Calculations to sample the y − γ correlation have been performed at different levels of approximation. The reliability of lower‐level methods on model compounds has been assessed in comparison to high‐level ab initio calculations. The latter encompass Full CI and PNOF5 calculations on model hydrogen chains40, 41 as well as unrestricted Coupled Cluster method with singles, doubles, and a perturbative estimate of the triples [UCCSD(T)], spin‐flip (SF) CI, and approximate spin‐projected unrestricted Møller‐Plesset perturbation theory [APUMPn, n = 2–4], that have been employed to study compounds like p‐quinodimethane (PQM).4, 41, 42, 43 Figure 6(a) shows the resonance structure of the latter,5 where the quinoid and benzenoid forms correspond to the closed‐shell and pure open‐shell (diradical) states, respectively. Its diradical character was artificially varied over the 0.15–0.7 window by stretching the external CC bond (Figure 6(b)). Results on stretched H2 demonstrate how close are the Full CI (=CISD = CCSD) and PNOF5 values (Figure 5(a)). Comparisons between UCCSD(T) and other levels of approximation are illustrated in Figure 5(b) and (c). Their analysis has substantiated the adoption of density functional theory (DFT) to investigate structure–property relationships in larger systems such as phenalenyl derivatives.
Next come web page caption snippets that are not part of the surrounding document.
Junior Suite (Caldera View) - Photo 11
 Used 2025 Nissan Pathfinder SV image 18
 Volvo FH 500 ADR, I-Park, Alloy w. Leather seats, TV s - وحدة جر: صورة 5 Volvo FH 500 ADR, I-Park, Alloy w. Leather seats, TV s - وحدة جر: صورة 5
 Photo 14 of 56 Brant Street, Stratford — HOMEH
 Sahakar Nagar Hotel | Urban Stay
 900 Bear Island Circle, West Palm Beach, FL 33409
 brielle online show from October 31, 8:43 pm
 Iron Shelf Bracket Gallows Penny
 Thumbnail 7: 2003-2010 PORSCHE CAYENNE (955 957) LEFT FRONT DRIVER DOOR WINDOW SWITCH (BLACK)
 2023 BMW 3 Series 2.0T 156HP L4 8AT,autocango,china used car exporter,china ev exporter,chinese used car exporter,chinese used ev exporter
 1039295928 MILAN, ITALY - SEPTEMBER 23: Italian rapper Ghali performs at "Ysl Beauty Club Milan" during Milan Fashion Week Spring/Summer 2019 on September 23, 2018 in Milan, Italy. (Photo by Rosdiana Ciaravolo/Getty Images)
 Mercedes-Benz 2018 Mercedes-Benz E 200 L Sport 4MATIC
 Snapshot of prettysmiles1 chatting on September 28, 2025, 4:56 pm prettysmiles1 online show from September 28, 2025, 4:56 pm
In the first studies, the BHandHLYP functional was employed,4 while, later on, long‐range corrected exchange‐correlation functionals have been used (more specifically the LC‐BLYP functional with a range‐separated parameter μ = 0.33 for organic molecules,44 whereas for bimetallic systems, larger μ values are requested17). Approximate spin‐projected spin‐unrestricted DFT, ASP‐LC‐UBLYP, was also employed and shown to be reliable, using μ = 0.47 for PQM (Figure 5(c)).43
Figure 6

Resonance structures [quinoid (closed‐shell) and benzenoid (open‐shell)] of p‐quinodimethane model (a) and dependence of the diradical character (y) as a function of the length of the exo‐cyclic carbon–carbon bonds (R 1) from 1.350 to 1.700 Å (b) under the bond‐length constraint of R 2 = R 3 = 1.4 Å. Note that the equilibrium geometry (R 1 = 1.351, R 2 = 1.460, R 3 = 1.346 Å, optimized by the RB3LYP/6‐311G(d)) gives the lowest diradical character (y = 0.146).

Figure 5

γ values of model compounds as determined at different levels of approximation. (a) stretched H2 molecule (aug‐cc‐pVDZ basis set); (b, c) p‐quinodimethane with different diradical characters (6‐31G(d)+p basis set).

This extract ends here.